Grâce aux négociations entamées par le Docteur Seewoosagur Ramgoolam, la possession anglaise de l'île Maurice accède à l'indépendance le mardi 12 mars 1968.

L'île Maurice a été découverte en 1547 par Péro de Mascarenhas, capitaine portugais, en même temps que les deux autres îles de l'archipel (Réunion et Rodrigues) qui en a gardé le nom de Mascareignes. La première occupation date de 1598 et est l'œuvre de l'amiral hollandais Van Nek qui donne à l'île le nom de Mauritius en l'honneur du prince Maurice d'Orange.

Après plusieurs siècles de domination hollandaise (1598-1710), française (1710-1810) puis britannique, l'île Maurice acquiert son indépendance. C'est le dénouement d'un long processus engagé, en septembre 1965, lors de la conférence constitutionnelle de Lancaster House, à l'issue de laquelle le secrétaire d'Etat aux Colonies, Anthony Greenwood et le Premier ministre mauricien, Seewoosagur Ramgoolam signent un accord prévoyant le désengagement progressif des Britanniques dans l'île.

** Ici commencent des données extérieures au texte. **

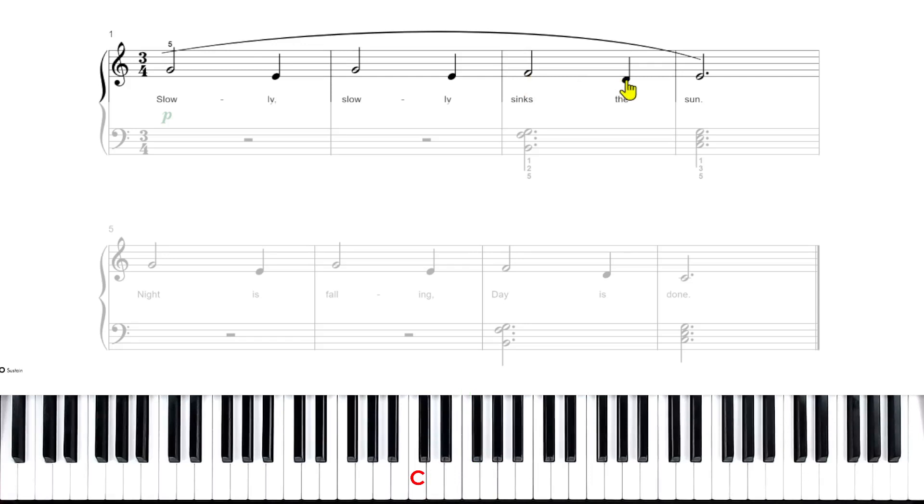The next quarter note is on the D space. So this is going to be played with your index finger.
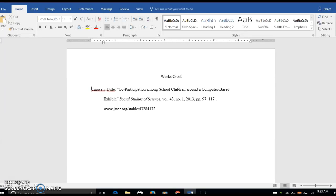I'm looking at it to make sure that it's got important words capitalized. We've done italics for the name of the journal.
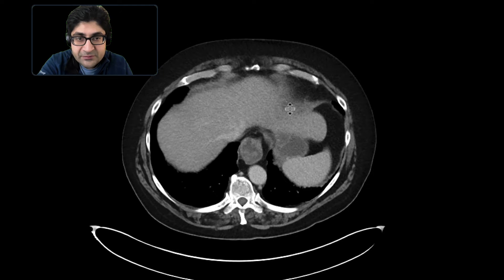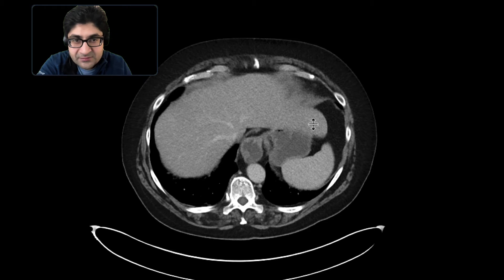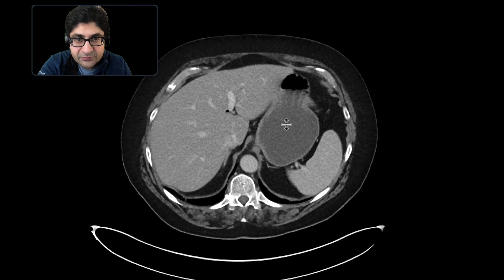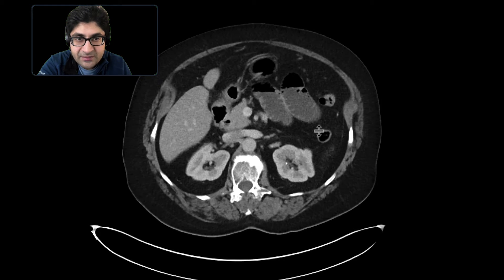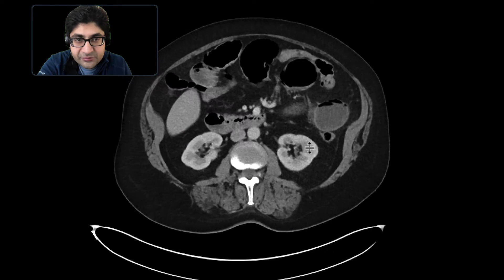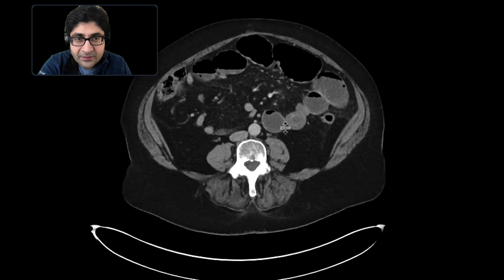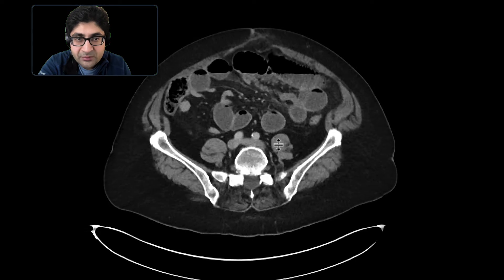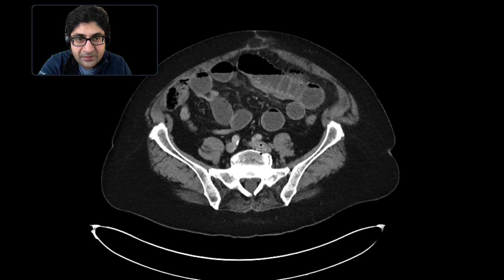The CT was performed with intravenous contrast. You can see immediately that the distal esophagus is distended with fluid. There's fluid in the stomach, which is mildly distended. There are also numerous distended loops of small bowel that contain fluid and air, with some of the distal small bowel collapsed.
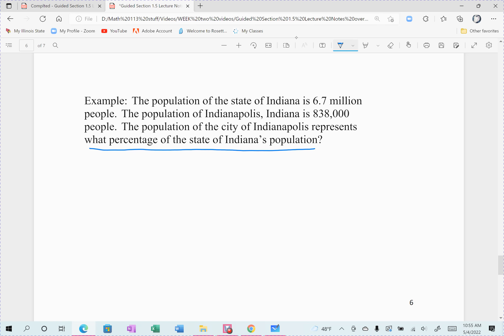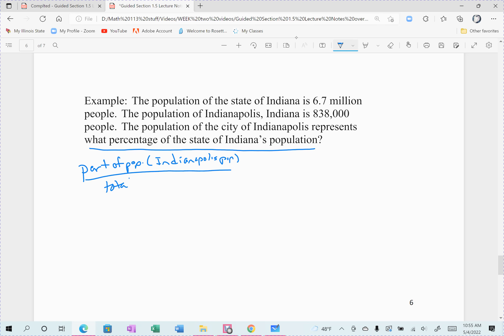Whenever you're taking a percent, it's always the part you're interested in — the part of the population, which would be the people in Indianapolis — divided by the total amount. And then we want a percent, so the last thing you're going to do is multiply by 100%, because the fraction will give me a decimal and I want to put it in a percent.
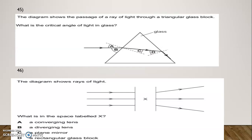Question Number 45: The diagram shows the passage of a ray of light through a triangular glass block. What is the critical angle in the glass? Option D is correct. Question Number 46: The diagram shows a ray of light. What is in the space labeled X? Options: converging lens, diverging lens, plane mirror, or rectangular glass block. The correct option is diverging lens.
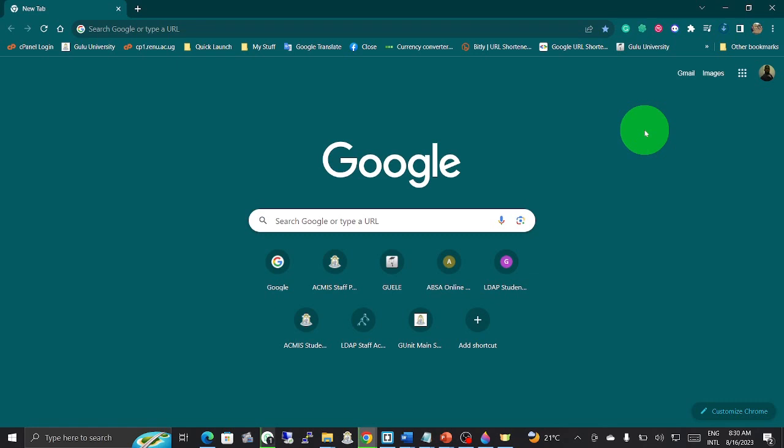It is a simple way to navigate through. For first timers like freshers, you will need a web browser, which is basically used to navigate and access information over the World Wide Web.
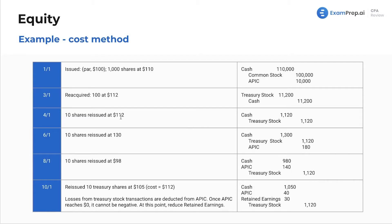Ten shares reissued at $112: debit cash for 10 × $112, credit treasury stock at purchase cost. Ten shares reissued at $130: same journal entry, just keeping track of those gains. Note the difference — earlier we used common stock because we were originally issuing shares, but here we're reissuing from treasury stock.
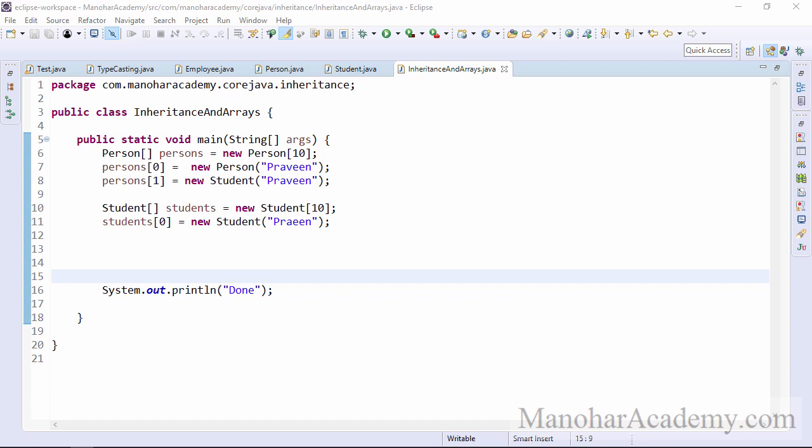Hi, welcome back to Manohar Academy. In this lesson, we are going to learn about arrays and how they are affected by inheritance.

Le 22 août 1967, Ramgoolam dépose à la table de l’Assemblée une motion « C’est le désir du peuple de Maurice d’accéder à l’indépendance au sein du Commonwealth. C’est la fin d’un voyage et le début d’un autre ».

 

L’indépendance ne vient que le 12 mars 1968, à midi, le drapeau quadricolore est pour la première fois hissé dans le ciel mauricien au Champ de Mars, en remplacement de l’Union Jack. La Reine d’Angleterre reste toutefois chef de l’État, elle est désormais représentée par un gouverneur général, Sir John Rennie.

 

Après 24 ans d’une démocratie stable ponctuée d’élections libres et régulières ainsi qu'un bilan positif en matière de droits de l’homme et sur le plan économique, le Parlement vote à une très large majorité l'abolition de la monarchie.

Maurice devient une République le 12 mars 1992, tout en restant au sein du Commonwealth. Le pays inclut l'île principale de Maurice mais aussi l'île Rodrigues à 560 kilomètres à l'est de l'île principale. Les îles plus lointaines d'Agaléga et de Saint Brandon font également partie du territoire national. La capitale et plus grande ville est Port Louis. De plus, Maurice revendique sa souveraineté sur l'archipel des Chagos (Royaume-Uni) et l'île de Tromelin (France).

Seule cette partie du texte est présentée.